- _Action item_
Write out the data below in full. Keep it exact.

- _Information given_
=== Section Start ===

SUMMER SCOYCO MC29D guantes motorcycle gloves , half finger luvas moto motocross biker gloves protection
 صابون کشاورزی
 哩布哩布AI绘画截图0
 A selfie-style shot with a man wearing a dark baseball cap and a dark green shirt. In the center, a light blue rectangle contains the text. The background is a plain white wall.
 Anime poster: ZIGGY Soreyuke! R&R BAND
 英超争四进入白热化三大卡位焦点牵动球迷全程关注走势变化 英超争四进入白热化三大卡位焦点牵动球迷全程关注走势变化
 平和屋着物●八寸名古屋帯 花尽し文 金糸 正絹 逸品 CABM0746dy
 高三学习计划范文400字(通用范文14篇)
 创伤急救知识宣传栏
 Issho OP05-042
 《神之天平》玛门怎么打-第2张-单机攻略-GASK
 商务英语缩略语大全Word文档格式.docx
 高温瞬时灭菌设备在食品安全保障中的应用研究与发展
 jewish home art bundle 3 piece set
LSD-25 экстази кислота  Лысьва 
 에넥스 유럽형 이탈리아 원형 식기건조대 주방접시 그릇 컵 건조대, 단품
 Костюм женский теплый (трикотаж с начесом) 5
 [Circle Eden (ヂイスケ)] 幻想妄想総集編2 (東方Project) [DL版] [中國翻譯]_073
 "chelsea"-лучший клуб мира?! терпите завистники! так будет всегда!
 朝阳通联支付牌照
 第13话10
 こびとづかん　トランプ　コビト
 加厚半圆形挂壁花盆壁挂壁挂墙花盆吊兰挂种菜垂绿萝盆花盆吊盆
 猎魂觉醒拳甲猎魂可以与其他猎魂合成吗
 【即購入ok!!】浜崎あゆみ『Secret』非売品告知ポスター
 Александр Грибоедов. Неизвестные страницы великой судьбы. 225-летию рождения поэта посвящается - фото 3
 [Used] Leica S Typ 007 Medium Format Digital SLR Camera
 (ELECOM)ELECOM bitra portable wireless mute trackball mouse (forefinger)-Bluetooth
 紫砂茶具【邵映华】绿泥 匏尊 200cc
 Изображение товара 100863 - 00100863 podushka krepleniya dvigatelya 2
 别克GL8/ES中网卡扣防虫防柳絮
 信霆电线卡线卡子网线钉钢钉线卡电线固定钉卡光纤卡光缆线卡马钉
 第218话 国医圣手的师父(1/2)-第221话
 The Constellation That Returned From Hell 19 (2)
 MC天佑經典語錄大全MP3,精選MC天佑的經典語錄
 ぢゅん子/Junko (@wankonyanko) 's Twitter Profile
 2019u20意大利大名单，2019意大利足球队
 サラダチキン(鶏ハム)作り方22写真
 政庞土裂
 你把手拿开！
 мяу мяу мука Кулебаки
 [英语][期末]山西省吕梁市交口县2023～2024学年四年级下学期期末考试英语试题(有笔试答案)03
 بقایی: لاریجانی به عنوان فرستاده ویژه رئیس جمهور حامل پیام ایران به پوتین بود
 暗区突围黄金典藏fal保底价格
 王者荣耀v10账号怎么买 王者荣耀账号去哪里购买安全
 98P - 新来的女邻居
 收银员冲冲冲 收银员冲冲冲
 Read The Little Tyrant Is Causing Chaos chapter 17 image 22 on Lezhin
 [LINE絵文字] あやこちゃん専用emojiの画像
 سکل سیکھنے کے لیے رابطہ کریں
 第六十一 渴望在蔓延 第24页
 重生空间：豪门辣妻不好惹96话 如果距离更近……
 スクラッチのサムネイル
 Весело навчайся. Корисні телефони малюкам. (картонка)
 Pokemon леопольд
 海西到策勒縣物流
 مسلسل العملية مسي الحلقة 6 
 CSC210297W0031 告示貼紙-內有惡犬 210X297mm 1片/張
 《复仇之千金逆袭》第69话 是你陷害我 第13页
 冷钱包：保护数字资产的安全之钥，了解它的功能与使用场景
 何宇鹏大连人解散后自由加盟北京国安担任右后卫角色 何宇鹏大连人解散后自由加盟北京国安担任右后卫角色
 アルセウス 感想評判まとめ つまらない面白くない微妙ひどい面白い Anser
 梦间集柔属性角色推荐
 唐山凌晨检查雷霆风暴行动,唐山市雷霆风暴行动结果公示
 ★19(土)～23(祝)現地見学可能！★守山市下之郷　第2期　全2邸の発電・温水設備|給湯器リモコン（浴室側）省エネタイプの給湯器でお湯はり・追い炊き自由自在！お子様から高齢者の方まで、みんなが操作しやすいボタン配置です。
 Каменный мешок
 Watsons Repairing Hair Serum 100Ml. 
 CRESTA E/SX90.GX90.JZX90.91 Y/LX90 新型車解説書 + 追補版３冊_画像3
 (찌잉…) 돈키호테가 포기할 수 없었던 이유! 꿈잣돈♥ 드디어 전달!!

=== Section End ===

- _Response_
SUMMER SCOYCO MC29D guantes motorcycle gloves , half finger luvas moto motocross biker gloves protection
 صابون کشاورزی
 哩布哩布AI绘画截图0
 A selfie-style shot with a man wearing a dark baseball cap and a dark green shirt. In the center, a light blue rectangle contains the text. The background is a plain white wall.
 Anime poster: ZIGGY Soreyuke! R&R BAND
 英超争四进入白热化三大卡位焦点牵动球迷全程关注走势变化 英超争四进入白热化三大卡位焦点牵动球迷全程关注走势变化
 平和屋着物●八寸名古屋帯 花尽し文 金糸 正絹 逸品 CABM0746dy
 高三学习计划范文400字(通用范文14篇)
 创伤急救知识宣传栏
 Issho OP05-042
 《神之天平》玛门怎么打-第2张-单机攻略-GASK
 商务英语缩略语大全Word文档格式.docx
 高温瞬时灭菌设备在食品安全保障中的应用研究与发展
 jewish home art bundle 3 piece set
LSD-25 экстази кислота  Лысьва 
 에넥스 유럽형 이탈리아 원형 식기건조대 주방접시 그릇 컵 건조대, 단품
 Костюм женский теплый (трикотаж с начесом) 5
 [Circle Eden (ヂイスケ)] 幻想妄想総集編2 (東方Project) [DL版] [中國翻譯]_073
 "chelsea"-лучший клуб мира?! терпите завистники! так будет всегда!
 朝阳通联支付牌照
 第13话10
 こびとづかん　トランプ　コビト
 加厚半圆形挂壁花盆壁挂壁挂墙花盆吊兰挂种菜垂绿萝盆花盆吊盆
 猎魂觉醒拳甲猎魂可以与其他猎魂合成吗
 【即購入ok!!】浜崎あゆみ『Secret』非売品告知ポスター
 Александр Грибоедов. Неизвестные страницы великой судьбы. 225-летию рождения поэта посвящается - фото 3
 [Used] Leica S Typ 007 Medium Format Digital SLR Camera
 (ELECOM)ELECOM bitra portable wireless mute trackball mouse (forefinger)-Bluetooth
 紫砂茶具【邵映华】绿泥 匏尊 200cc
 Изображение товара 100863 - 00100863 podushka krepleniya dvigatelya 2
 别克GL8/ES中网卡扣防虫防柳絮
 信霆电线卡线卡子网线钉钢钉线卡电线固定钉卡光纤卡光缆线卡马钉
 第218话 国医圣手的师父(1/2)-第221话
 The Constellation That Returned From Hell 19 (2)
 MC天佑經典語錄大全MP3,精選MC天佑的經典語錄
 ぢゅん子/Junko (@wankonyanko) 's Twitter Profile
 2019u20意大利大名单，2019意大利足球队
 サラダチキン(鶏ハム)作り方22写真
 政庞土裂
 你把手拿开！
 мяу мяу мука Кулебаки
 [英语][期末]山西省吕梁市交口县2023～2024学年四年级下学期期末考试英语试题(有笔试答案)03
 بقایی: لاریجانی به عنوان فرستاده ویژه رئیس جمهور حامل پیام ایران به پوتین بود
 暗区突围黄金典藏fal保底价格
 王者荣耀v10账号怎么买 王者荣耀账号去哪里购买安全
 98P - 新来的女邻居
 收银员冲冲冲 收银员冲冲冲
 Read The Little Tyrant Is Causing Chaos chapter 17 image 22 on Lezhin
 [LINE絵文字] あやこちゃん専用emojiの画像
 سکل سیکھنے کے لیے رابطہ کریں
 第六十一 渴望在蔓延 第24页
 重生空间：豪门辣妻不好惹96话 如果距离更近……
 スクラッチのサムネイル
 Весело навчайся. Корисні телефони малюкам. (картонка)
 Pokemon леопольд
 海西到策勒縣物流
 مسلسل العملية مسي الحلقة 6 
 CSC210297W0031 告示貼紙-內有惡犬 210X297mm 1片/張
 《复仇之千金逆袭》第69话 是你陷害我 第13页
 冷钱包：保护数字资产的安全之钥，了解它的功能与使用场景
 何宇鹏大连人解散后自由加盟北京国安担任右后卫角色 何宇鹏大连人解散后自由加盟北京国安担任右后卫角色
 アルセウス 感想評判まとめ つまらない面白くない微妙ひどい面白い Anser
 梦间集柔属性角色推荐
 唐山凌晨检查雷霆风暴行动,唐山市雷霆风暴行动结果公示
 ★19(土)～23(祝)現地見学可能！★守山市下之郷　第2期　全2邸の発電・温水設備|給湯器リモコン（浴室側）省エネタイプの給湯器でお湯はり・追い炊き自由自在！お子様から高齢者の方まで、みんなが操作しやすいボタン配置です。
 Каменный мешок
 Watsons Repairing Hair Serum 100Ml. 
 CRESTA E/SX90.GX90.JZX90.91 Y/LX90 新型車解説書 + 追補版３冊_画像3
 (찌잉…) 돈키호테가 포기할 수 없었던 이유! 꿈잣돈♥ 드디어 전달!!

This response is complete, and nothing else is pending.